**PROBLEM**
Only the lines from the first line of the data through the line containing "Preston & York Wool Blazer (view 2)" belong in the answer, transcribed exactly; pictures do not.

• • •

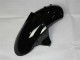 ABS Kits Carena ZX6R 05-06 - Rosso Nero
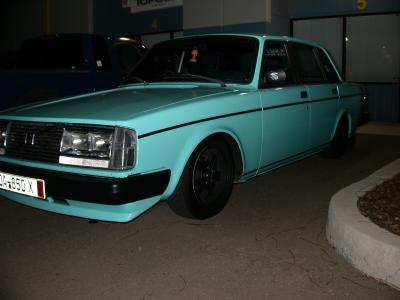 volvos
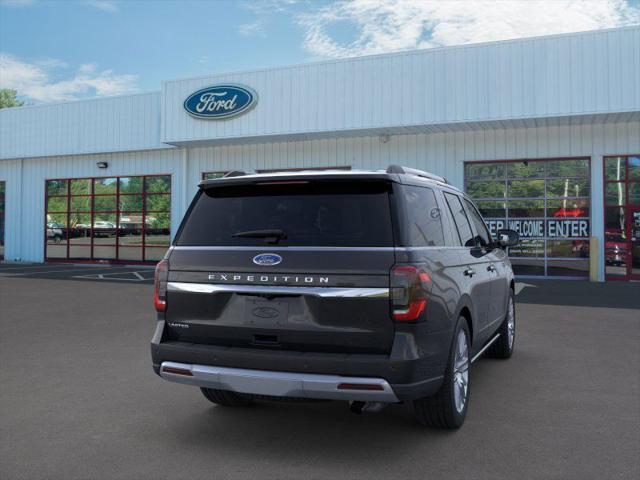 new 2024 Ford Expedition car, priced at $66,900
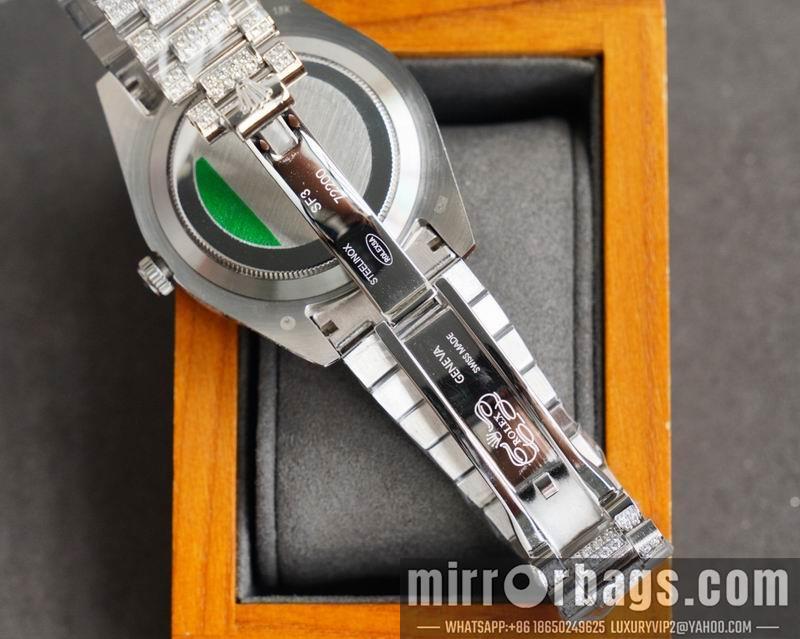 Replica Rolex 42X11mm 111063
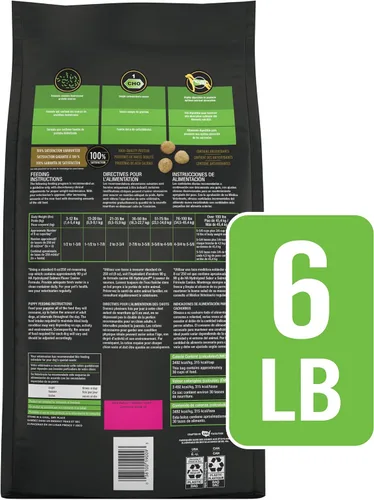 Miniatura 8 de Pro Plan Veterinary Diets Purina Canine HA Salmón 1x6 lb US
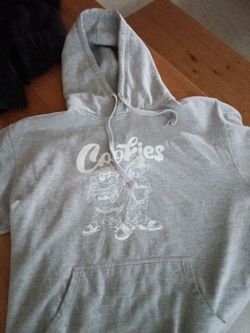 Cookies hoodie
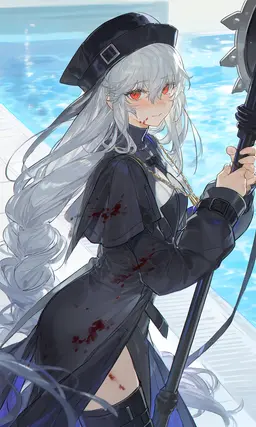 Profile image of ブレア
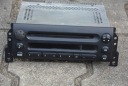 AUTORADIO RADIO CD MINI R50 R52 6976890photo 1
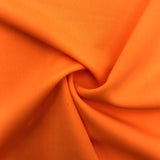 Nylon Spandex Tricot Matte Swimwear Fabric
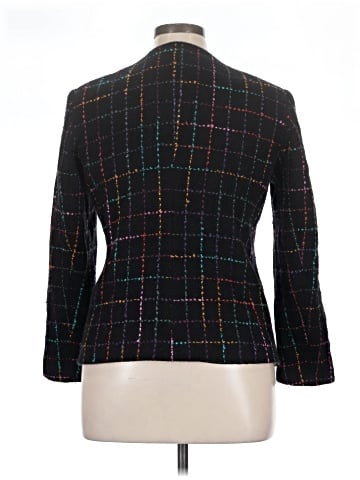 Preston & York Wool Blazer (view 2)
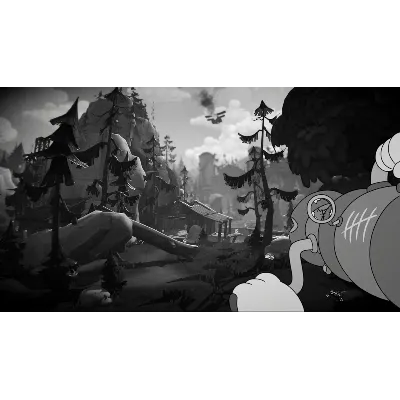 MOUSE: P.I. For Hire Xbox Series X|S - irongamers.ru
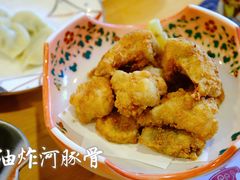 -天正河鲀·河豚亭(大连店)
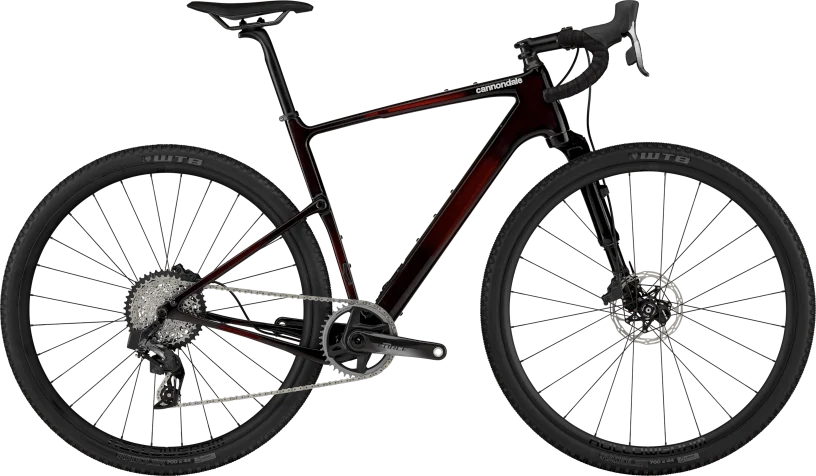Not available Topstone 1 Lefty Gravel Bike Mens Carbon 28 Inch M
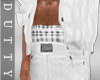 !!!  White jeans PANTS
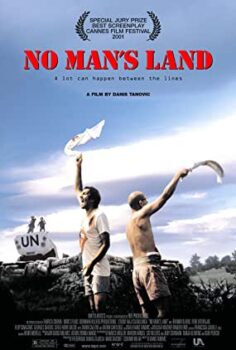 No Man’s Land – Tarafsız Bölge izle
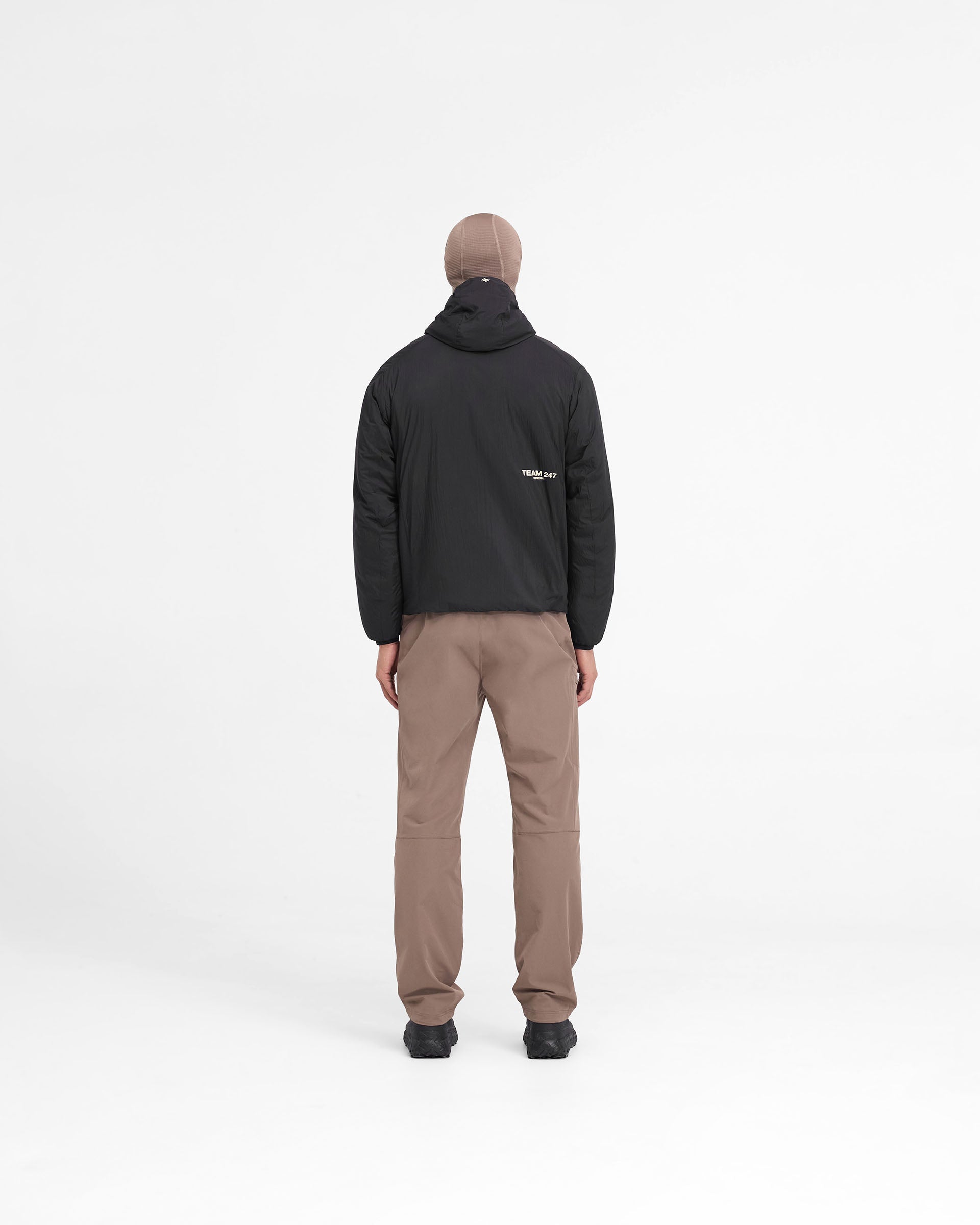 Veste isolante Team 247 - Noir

• • •

**ANSWER AREA**
 ABS Kits Carena ZX6R 05-06 - Rosso Nero
 volvos
 new 2024 Ford Expedition car, priced at $66,900
 Replica Rolex 42X11mm 111063
 Miniatura 8 de Pro Plan Veterinary Diets Purina Canine HA Salmón 1x6 lb US
 Cookies hoodie
 Profile image of ブレア
 AUTORADIO RADIO CD MINI R50 R52 6976890photo 1
 Nylon Spandex Tricot Matte Swimwear Fabric
 Preston & York Wool Blazer (view 2)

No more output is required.